"nvidia-smi" not working. Nvidia-Xavier Soc(ZF-ProAI)

Hello everyone,

I am working on a device called ZF-ProAI which is composed of a safety microcontroller (Aurix) and a performance microprocessor (Nvidia Xavier SoC). The Nvidia Xavier SoC includes an ARM-based octacore CPU and a Volta GPU.

Technical specification of ZF-ProAI includes Nvidia-Xavier-SOC, CPU 8 Cores @ 2.1 GHz, GPU Volta, 4TPC with Linux tegra-ubuntu 4.14.78-rt44-tegra OS installed in it. This hardware is sold with this preinstalled OS and with CUDA-10 .1 for AI development.

nvidia@tegra-ubuntu:~$ nvidia-smi
NVIDIA-SMI has failed because it couldn't communicate with the NVIDIA driver. Make sure that the latest NVIDIA driver is installed and running.

I am unable to find the exact driver installed. Can anyone help me with this issue.
Thank you in advance.

nvidia-smi” is only used with PCI-based drivers. These are discrete GPUs. The Jetsons all have integrated iGPUs, and are wired directly to the memory controller.

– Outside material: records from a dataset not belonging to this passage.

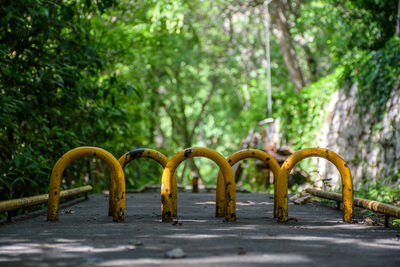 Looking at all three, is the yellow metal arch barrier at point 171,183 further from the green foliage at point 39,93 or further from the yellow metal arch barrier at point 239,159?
the green foliage at point 39,93

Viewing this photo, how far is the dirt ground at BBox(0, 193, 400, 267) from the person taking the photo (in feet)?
8.36

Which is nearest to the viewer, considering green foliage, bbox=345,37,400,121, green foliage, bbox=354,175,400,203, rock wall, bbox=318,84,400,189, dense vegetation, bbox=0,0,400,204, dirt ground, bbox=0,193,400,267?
dirt ground, bbox=0,193,400,267

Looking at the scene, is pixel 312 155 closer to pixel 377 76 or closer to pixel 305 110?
pixel 377 76

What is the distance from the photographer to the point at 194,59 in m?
19.4

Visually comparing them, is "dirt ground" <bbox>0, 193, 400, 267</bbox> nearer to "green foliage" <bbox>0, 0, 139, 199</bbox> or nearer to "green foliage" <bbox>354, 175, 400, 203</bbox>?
"green foliage" <bbox>0, 0, 139, 199</bbox>

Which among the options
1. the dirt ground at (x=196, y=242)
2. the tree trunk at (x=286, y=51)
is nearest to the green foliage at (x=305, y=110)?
the tree trunk at (x=286, y=51)

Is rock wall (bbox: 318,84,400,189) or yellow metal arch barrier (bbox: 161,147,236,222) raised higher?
rock wall (bbox: 318,84,400,189)

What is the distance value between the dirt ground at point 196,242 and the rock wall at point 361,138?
3.97 meters

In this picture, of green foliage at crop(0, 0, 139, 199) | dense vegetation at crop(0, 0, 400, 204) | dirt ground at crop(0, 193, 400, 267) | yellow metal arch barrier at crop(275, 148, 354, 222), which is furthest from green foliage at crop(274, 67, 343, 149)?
dirt ground at crop(0, 193, 400, 267)

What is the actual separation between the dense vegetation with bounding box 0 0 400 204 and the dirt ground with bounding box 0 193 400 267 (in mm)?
1586

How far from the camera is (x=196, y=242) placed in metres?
3.11

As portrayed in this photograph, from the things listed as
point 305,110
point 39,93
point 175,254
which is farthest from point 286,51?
point 175,254

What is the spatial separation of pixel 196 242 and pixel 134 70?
14.2 m

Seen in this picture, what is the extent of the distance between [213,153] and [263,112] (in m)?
10.3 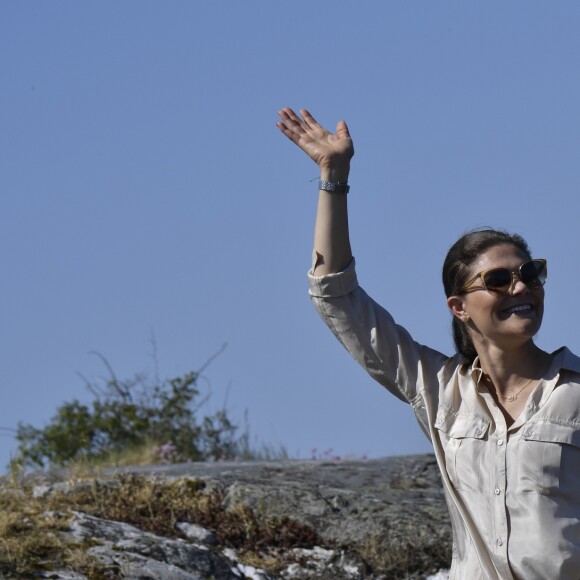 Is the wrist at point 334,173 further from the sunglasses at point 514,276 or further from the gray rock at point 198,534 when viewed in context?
the gray rock at point 198,534

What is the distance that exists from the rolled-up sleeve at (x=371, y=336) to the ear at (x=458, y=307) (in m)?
0.18

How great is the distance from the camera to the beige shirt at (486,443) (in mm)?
3930

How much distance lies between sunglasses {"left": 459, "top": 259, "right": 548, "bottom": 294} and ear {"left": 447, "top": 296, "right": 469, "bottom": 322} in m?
0.17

Thus, any application using PCI discovery will fail and is not compatible.

I have no idea what ZF-ProAI device is, you need to contact with ZF-ProAI team to get the support directly.

Thank you for the reply,

I am new into this world of GPUs. My PCIe card shows that some GPUs are connected, when I use the lspci command. Does this mean that nvidia-GPU is connected to the PCIe slot?

nvidia@tegra-ubuntu:~$ lspci
0000:00:00.0 PCI bridge: NVIDIA Corporation Tegra PCIe x8 Endpoint (rev a1)
0001:00:00.0 PCI bridge: NVIDIA Corporation Tegra PCIe x1 Root Complex (rev a1)
0004:00:00.0 PCI bridge: NVIDIA Corporation Tegra PCIe x4/x8 Endpoint/Root Complex (rev a1)

Or are these iGPUs ?

Anything you see with “lspci” is in a PCI slot (PCIe is just a serial PCI…different physical connection, same logical connection type). You won’t find a Jetson showing a GPU with “lspci” since it is not on a PCI connector (the wiring is direct to the memory controller bus, and the memory controller knows what physical address to use). Restated, “lspci” is all discrete (dGPU), and commands like “nvidia-smi” require a dGPU.

Those could be anything on your example, but more verbosity (an option to lspci) can shed more light on what is actually there. If you look at your “plain vanilla” lspci you will see that it starts with a bus and slot/function description. You can pick just a single device using that with the “-s” option. As an example you could tell lspci to list only the “0000:00:00.0” device:
lspci -s 0000:00:00.0

Not particularly useful unless you have a lot of PCI devices, but when you combine that with maximum verbosity (which requires using sudo), then it is quite useful:
sudo lspci -s 0000:00:00.0 -vvv
(you might want to use that with a pager it is a big response: “sudo lspci -s 0000:00:00.0 -vvv | less”)

An example of the last lines of a fully verbose dGPU on a desktop PC would be:

        Kernel driver in use: nvidia
        Kernel modules: nvidiafb, nouveau, nvidia_drm, nvidia

(which happens to be an NVIDIA VGA device…the “modules” are not actually a list of things used, but is instead a list of drivers known to work with the hardware…the current driver in this case is the “nvidia” GPU driver)

Of those devices you listed anything which is a root complex is basically a controller of PCIe intended to see and manage PCIe devices. An endpoint is a device being controlled by a root complex (there might be a bridge in-between, but the final authority for the device talking to the host is the root complex).

To know more about what each of those listed lspci devices are you’d want to examine the fully verbose answer, which in turn would be mostly answered by knowing which driver is used. I doubt any of those are GPUs, but it is possible that any “endpoint” could be a dGPU.

This topic was automatically closed 14 days after the last reply. New replies are no longer allowed.